Wednesday, September 18, 2013

Three Reasons To Make Your Snack Protein

Three Reasons To Make Your Snack Protein
The western type diets that most of us consume encourage us to eat way more calories than we need. Marketers and advertisements encourage us to super-size (ourselves). The convenience of quick snack like candy bars or chips hits us right in the gut.
During the depression people did not have money to buy food. Soup lines were common place. The wealthy would entertain extravagantly with food to flaunt their wealth. A chubby wife was indication of you wealth.
With obesity a major contributor to the cause of the #1 killer, heart disease, it is time to change our ways. We need to make ourselves aware of the harm that we are doing to our bodies with extravagant consumption. It is time to take those extra pounds off.

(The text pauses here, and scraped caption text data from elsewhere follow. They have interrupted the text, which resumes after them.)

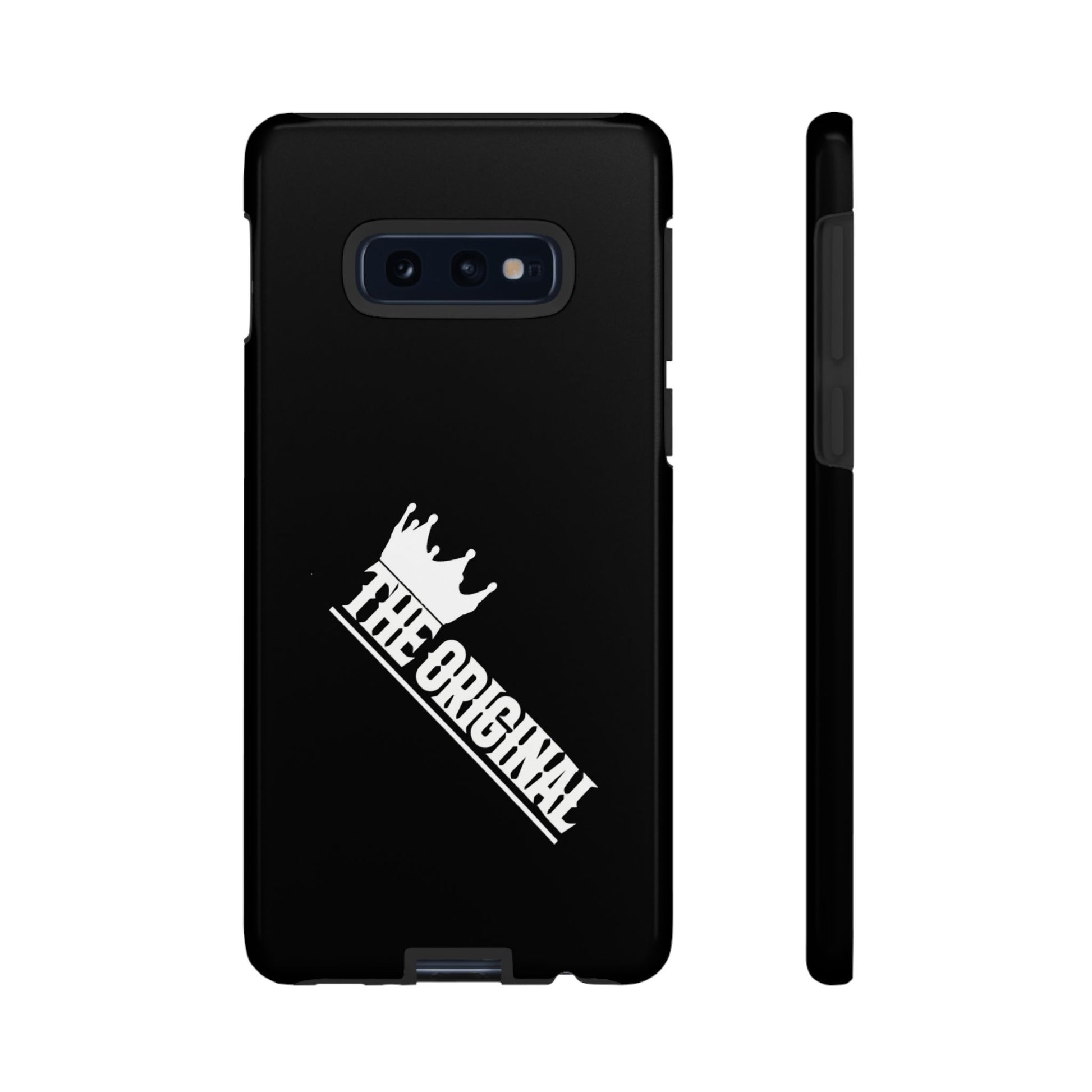 Dual-layer Christian phone case for iPhone, Samsung, and Pixel – durable faithwear protection by The Original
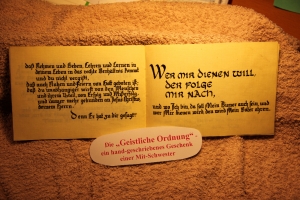 Die Geistliche Ordnung des Amtes der Gemeindehelferin (11.02.1964)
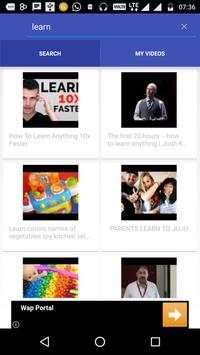 Video Browser screenshot 2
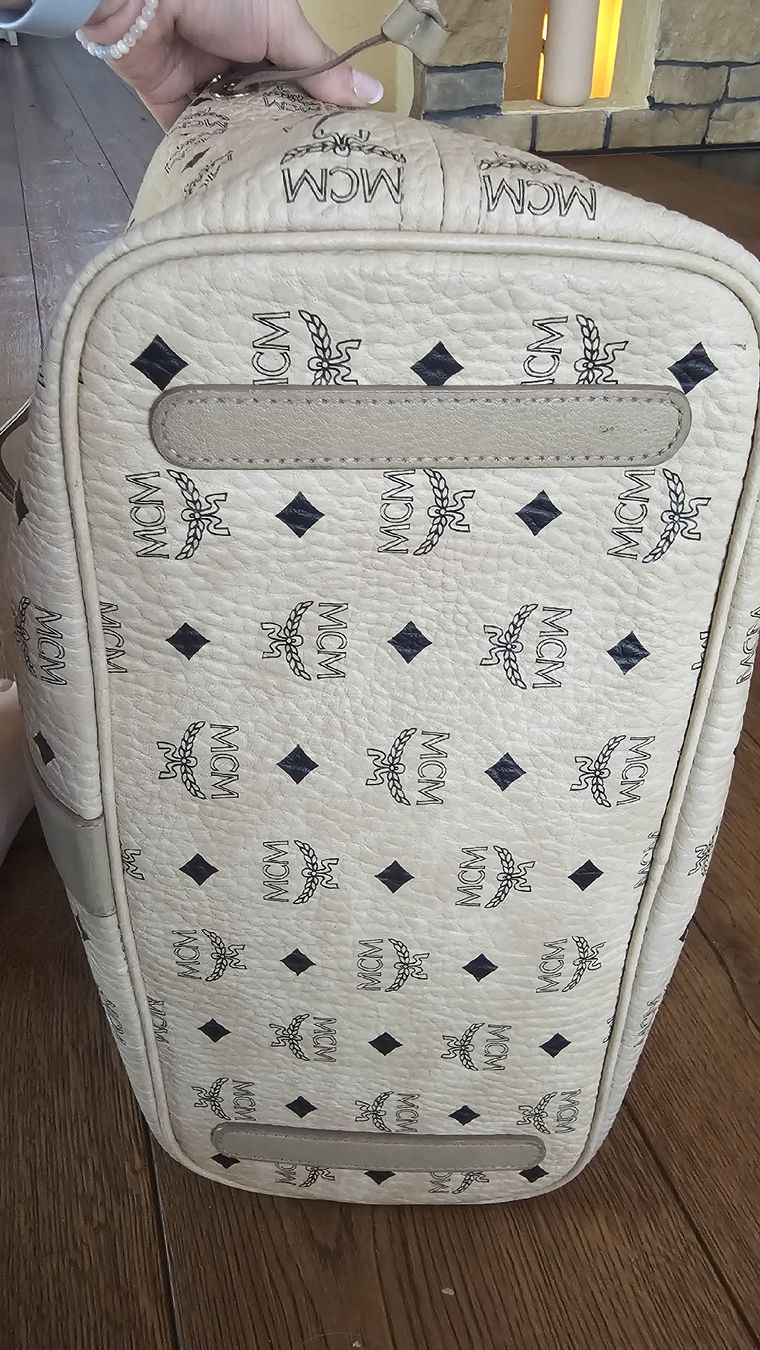 Mcm Borse da donna: Wunderschöner Original Shopper von MCM – Usato da Ortschwaben venduto da chantilly79 6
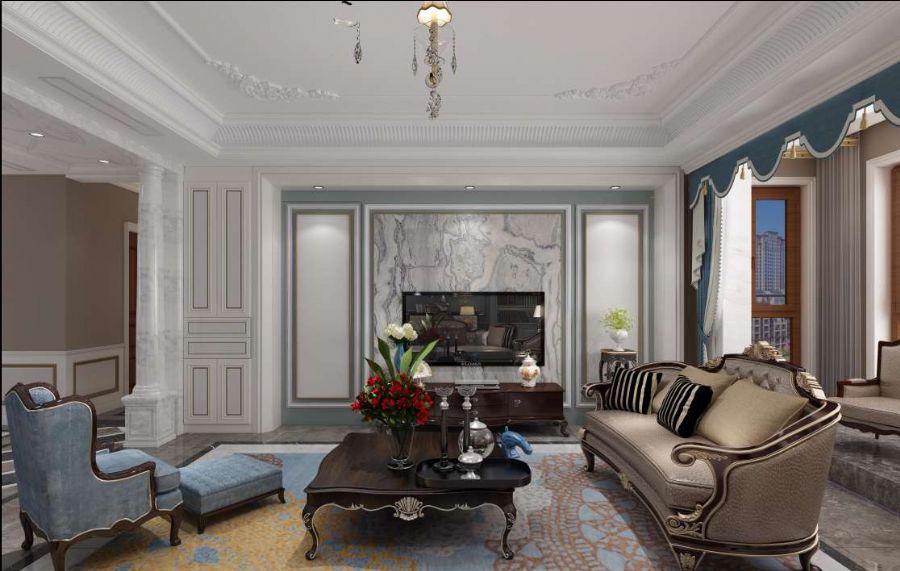 �ȷ�����-����԰װ��Ч��ͼ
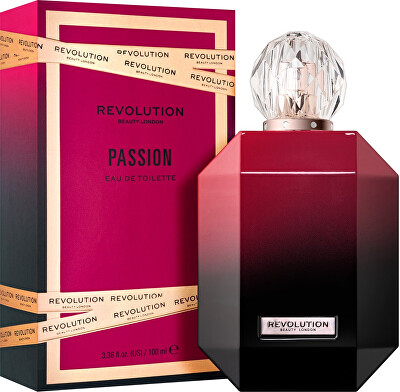 Revolution - Toaletní voda Passion EDT 100 ml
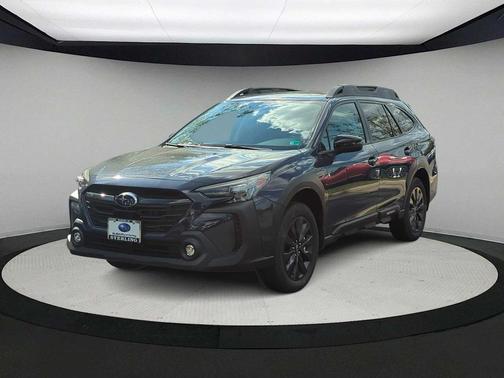 2025 Subaru Outback Onyx Edition XT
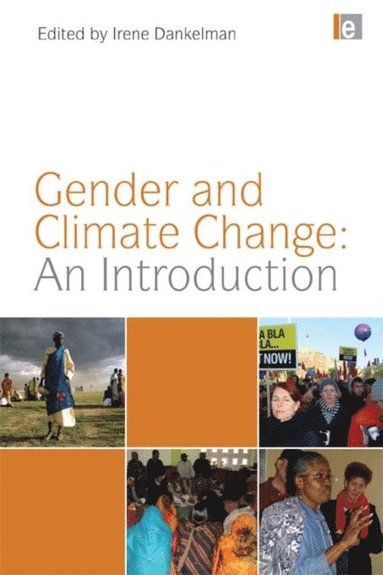 Gender and Climate Change: An Introduction (inbunden)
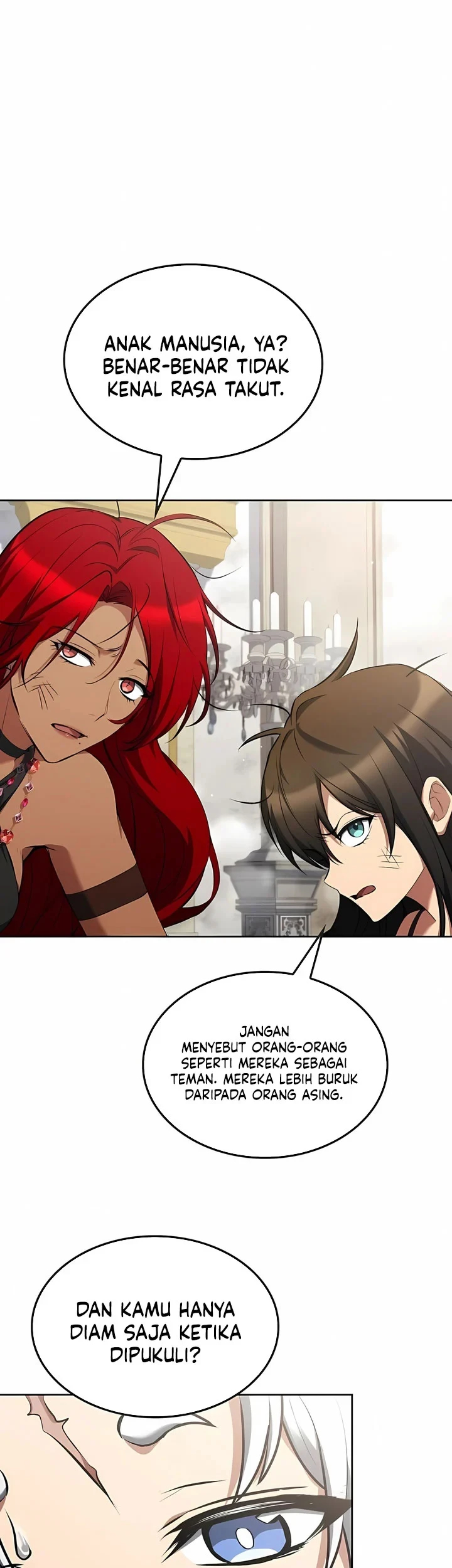 Archmage Restaurant Chapter 134 Gambar 42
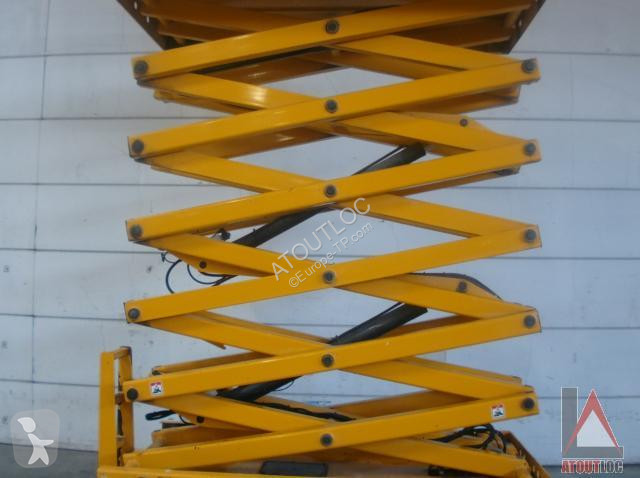 Nacelle Haulotte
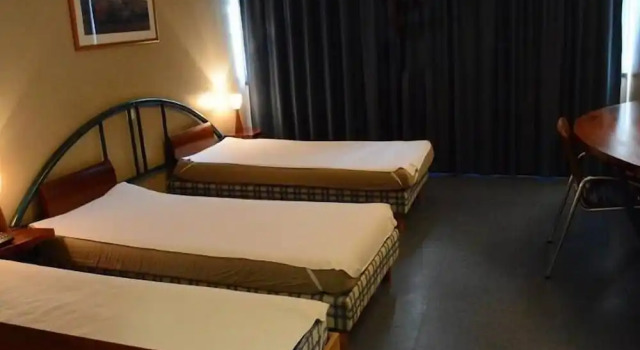 Camera tripla Standard Hôtel Sultan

Dr. David Heber, MD, PhD, FACP, FACN, founding director of UCLA center for human nutrition, chairman of the Herbalife nutrition institute and nutrition advisory board, tells us research shows that protein is extremely beneficial to our diet as well as our weight control. Below you will find 3 primary reasons Dr. Heber recommends we to choose protein when we are choosing our snack food:
  1. Physiologic phenomenon - There is a physiologic phenomenon, supported by recent clinical research, showing that protein is more satisfying than sugar and fat because of the signals it send to the brain. This brain talk gives your body the feeling of being full which in turn helps control appetite between meals. This control helps you cut calories and manage your weight.
  2. Thermogenic effect - The body uses much more energy to digest protein than sugar and fat. This causes you to burn more calories digesting protein than the other two. A bonus that protein offers is that it tends to be low in calories causing your body to work harder on fewer calories.
  3. Metabolism - Protein replenishes the building blocks of the muscle tissue. It is important to replenish the building blocks of the muscle tissue because muscle determines our metabolism. You want to maintain a healthy lean muscle mass to maintain a higher metabolism.
We are learning. Life expectancy charts show us that we were living almost ten years longer, overall, in 2010 than in 1950. Women are actually living more than 11 years longer. Could this extended life expectancy be due to the publication of research on how our diet affects our health? I think so.
It is necessary, when expecting a long healthy life, to consider this research as we determine the diet we will live by. When you live by a healthy and nutritious diet you won't have to worry about ever having to go "on a diet" again.